The House just gave the Defense Department a big spending boost

Defense hawks defeated budget hawks in the House Wednesday night, by passing a 2016 budget plan that calls for more defense spending and doesn't require that additional spending to be offset with cuts.

The House vote on a 2016 budget plan followed a week in which Republicans fought among themselves about whether to stick to the budget caps that were set back in 2011, or find some way around those caps to boost funding for the military.

pentagon Defense Department spending got a boost Wednesday night, when the House passed a budget favored by defense hawk.

The initial plan proposed by the House Budget Committee stuck to the budget caps, drawing opposition from other Republicans who say it's time to start rebuilding the military after years of cuts. That prompted Republicans to send two proposed budget amendments to the House floor.

One of these was the Budget Committee plan to balance the budget in nine years, by cutting more than $5 trillion in planned spending. To get around the budget caps, that plan also increased the Defense Department's overseas contingency operations fund, or the OCO fund, to $94 billion, but it required most of that increase to be offset by spending cuts elsewhere.

The decision to boost a fund normally used to wage war was criticized by some as a way to funnel money to the Defense Department outside the budget caps — some accused Republicans of setting up a slush fund. Defenders of the decision, however, argued that it's a way to ensure funding for ongoing anti-terrorism efforts around the globe.

But defense hawks on the House Armed Services Committee went further by demanding even more money. They forced Republicans to consider a separate proposal that would provide $96 billion in OCO funding, a $2 billion increase. The Armed Services budget also eliminated language requiring spending offsets.

Republicans set up votes on their dueling budget plans under a procedure that would allow each version to be considered as an amendment. It wasn't even close.

The budget committee amendment failed 105-319, as most Republicans opposed it along with every Democrat — Republicans split 105-139 on this proposal.

The Armed Services Committee amendment then passed in a 219-208 vote in which only a few dozen Republicans voted against it. Passage of that amendment set up a final vote in which the budget was approved in a 228-199.

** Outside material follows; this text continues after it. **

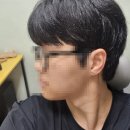 턱이아름다운치과의원 | 남자 턱 보톡스, 피부과 vs 치과 후기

The split drew a significant distinction between defense hawks and Republicans more worried about the fiscal state of the federal government and the growing national debt. Members like Rep. Justin Amash (R-Mich.) said the Armed Services plan would open the door to stuffing more money into the OCO account in order to avoid the spending caps.

"The Armed Services Committee's budget lays the foundation for more spending from both parties, hundreds of billions of dollars of new debt, and tax hikes," he said. But Amash was marginalized by a clear majority of GOP members.

Despite the split among Republicans, GOP members easily banded together to defeat several Democratic proposals to ensure a budget would pass that fits the broad outlines of what Republicans are after. The GOP plan that passed would spend $3 trillion in 2016, and only allow spending to rise to $3.7 trillion by 2025.

While that plan would still allow $21 trillion in national debt by 2025, it would slow the growth of government spending and allow the budget to balance by 2024, if everything goes according to plan.

In contrast, the mainstream Democratic budget plan would spend $3.1 trillion in 2015, and spend $4.7 trillion by 2025. That plan also called for a tax hike, and it failed in a 160-264 vote.

The House also killed budget plans from the Progressive Caucus and the Congressional Black Caucus that proposed even higher tax hikes and more spending, in votes that saw dozens of Democrats vote "no."

The only other Republican option out there this week was one from the Republican Study Committee, which would have balanced the budget in just six years, instead of nine.

But as expected, scores of Republicans voted against that version, and it failed 132-294.